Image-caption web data
━━━━━━━━━━━━━━━━━━━━

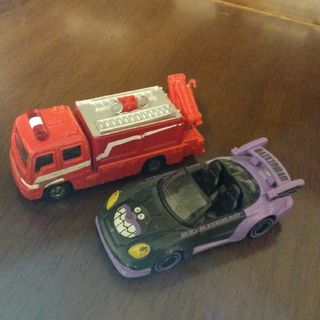 タカラトミー(Takara Tomy)のムーパパ様専用トミカ日野災害対策用救車Ⅲ型&ばいきんまんカー(ミニカー)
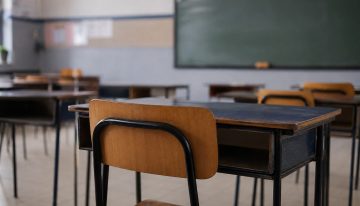 Un nene de 6 años murió tras ser golpeado por su maestra en una escuela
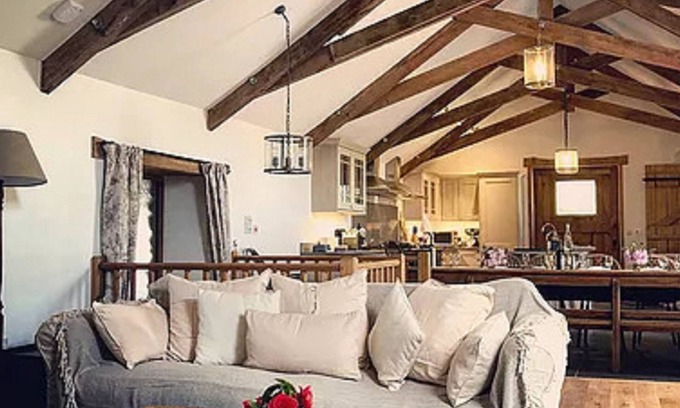 Kingsbridge Bed & Breakfast | Burton Farmhouse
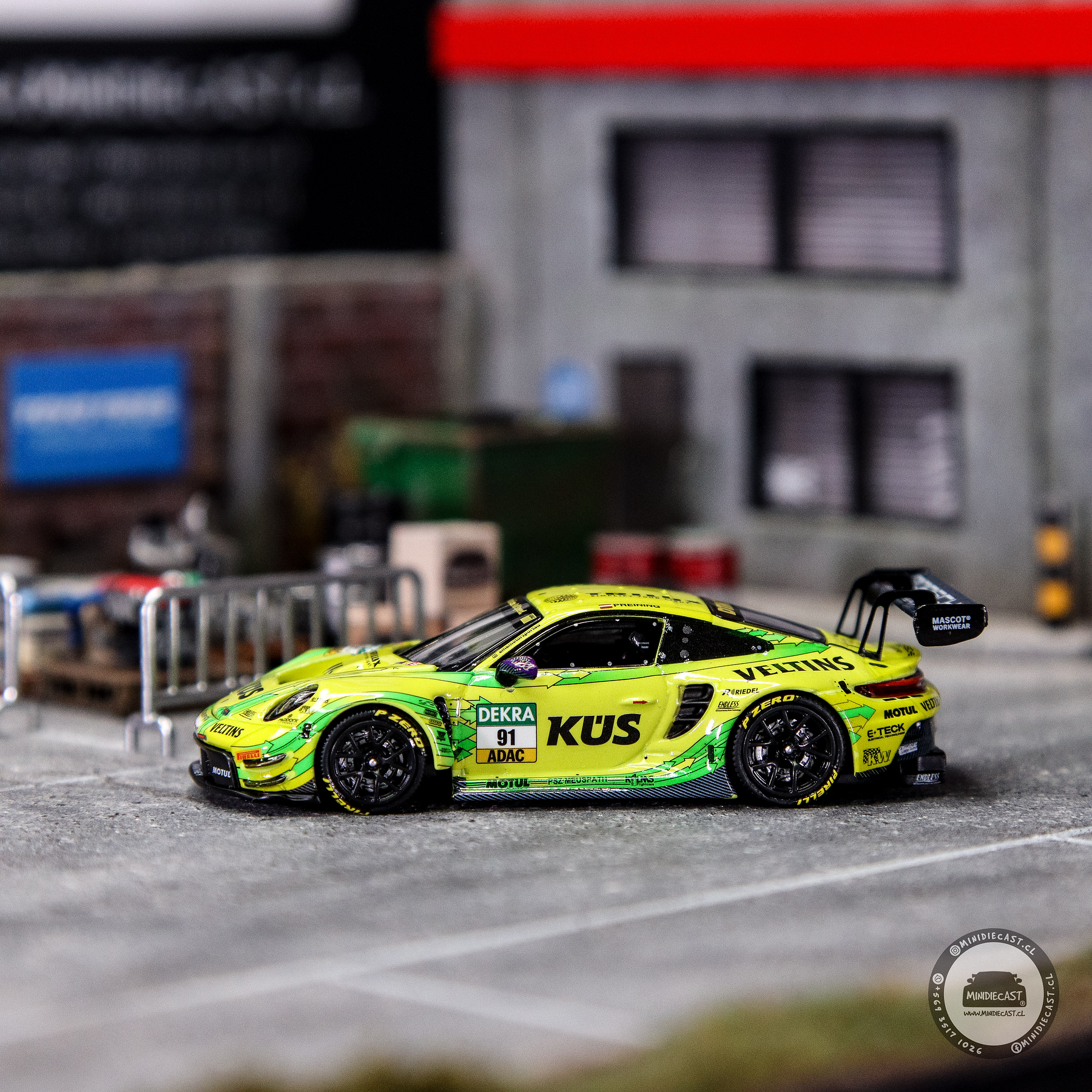 Trends Hobby 1:64 Porsche 911 GT3 R DTM 2024 - YL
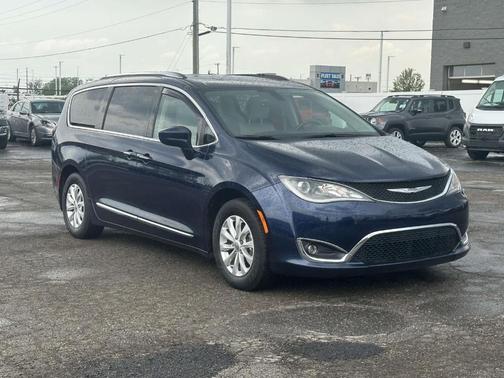 Blue Pearl 2018 Chrysler Pacifica Touring-L Plus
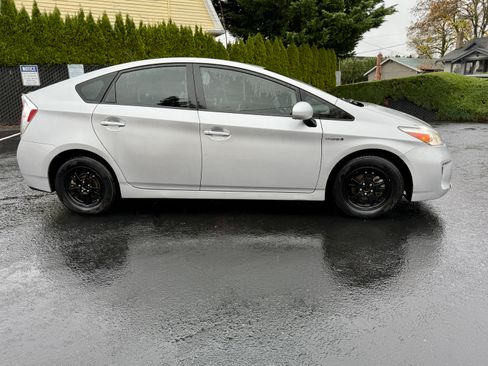 Used 2013 Toyota Prius Two image 6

━━━━━━━━━━━━━━━━━━━━

Without the pictures, retype exactly the lines from the one that holds "Kingsbridge Bed &" to the last line of the data above, both of them included.

 Kingsbridge Bed & Breakfast | Burton Farmhouse
 Trends Hobby 1:64 Porsche 911 GT3 R DTM 2024 - YL
 Blue Pearl 2018 Chrysler Pacifica Touring-L Plus
 Used 2013 Toyota Prius Two image 6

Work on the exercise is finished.